ENDPOINT_NAME_PREFIX = "custom-spec-endpoint"

# Generate unique identifiers
unique_id = str(uuid.uuid4())[:8]
model_name = f"{MODEL_NAME_PREFIX}-{unique_id}"
endpoint_name = f"{ENDPOINT_NAME_PREFIX}-{unique_id}"

# Create ModelBuilder with custom InferenceSpec
inference_spec = SimpleModelSpec()
model_builder = ModelBuilder(
    inference_spec=inference_spec,
    model_path=model_path,
    model_server=ModelServer.TORCHSERVE,
    schema_builder=schema_builder
)

print(f"ModelBuilder configured for model: {model_name}")
print(f"Target endpoint: {endpoint_name}")

Step 5: Build the Model#

Build the model artifacts for deployment.

# Build the model
core_model = model_builder.build(model_name=model_name)
print(f"Model Successfully Created: {core_model.model_name}")

Step 6: Deploy the Model#

Deploy the model to a SageMaker endpoint.

# Deploy the model
core_endpoint = model_builder.deploy(endpoint_name=endpoint_name)
print(f"Endpoint Successfully Created: {core_endpoint.endpoint_name}")

Step 7: Test the Model#

Send test requests to verify the model works correctly.

# Test 1: Single prediction
test_data_1 = [[0.1, 0.2, 0.3, 0.4]]

result_1 = core_endpoint.invoke(
    body=json.dumps(test_data_1),
    content_type="application/json"
)

prediction_1 = json.loads(result_1.body.read().decode('utf-8'))
print(f"Single Prediction: {prediction_1}")

# Test 2: Batch prediction
test_data_2 = [
    [0.1, 0.2, 0.3, 0.4],
    [0.5, 0.6, 0.7, 0.8],
    [0.2, 0.3, 0.4, 0.5]
]

result_2 = core_endpoint.invoke(
    body=json.dumps(test_data_2),
    content_type="application/json"
)

prediction_2 = json.loads(result_2.body.read().decode('utf-8'))
print(f"Batch Prediction: {prediction_2}")

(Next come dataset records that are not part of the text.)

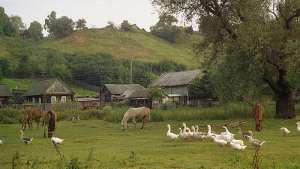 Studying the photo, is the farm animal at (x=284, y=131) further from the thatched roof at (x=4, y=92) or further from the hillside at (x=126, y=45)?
the hillside at (x=126, y=45)

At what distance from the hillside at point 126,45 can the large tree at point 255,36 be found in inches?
3662

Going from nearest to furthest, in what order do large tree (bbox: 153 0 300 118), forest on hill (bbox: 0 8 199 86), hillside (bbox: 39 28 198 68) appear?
large tree (bbox: 153 0 300 118) < forest on hill (bbox: 0 8 199 86) < hillside (bbox: 39 28 198 68)

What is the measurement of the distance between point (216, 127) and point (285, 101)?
34.0 ft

Step 8: Clean Up Resources#

Clean up all created resources and temporary files.

# Clean up AWS resources
core_endpoint_config = EndpointConfig.get(endpoint_config_name=core_endpoint.endpoint_name)

core_model.delete()
core_endpoint.delete()
core_endpoint_config.delete()

# Clean up temporary files
import shutil
shutil.rmtree(model_path)

print("All resources and temporary files successfully deleted!")

Summary#

This notebook demonstrated:

Creating a simple PyTorch model
Defining a custom InferenceSpec with load() and invoke() methods
Setting up schema builders for input/output validation
Configuring ModelBuilder with TorchServe
Building and deploying the model
Testing both single and batch predictions
Proper cleanup of resources

Custom InferenceSpecs provide maximum flexibility for deploying any model with custom preprocessing, postprocessing, and inference logic!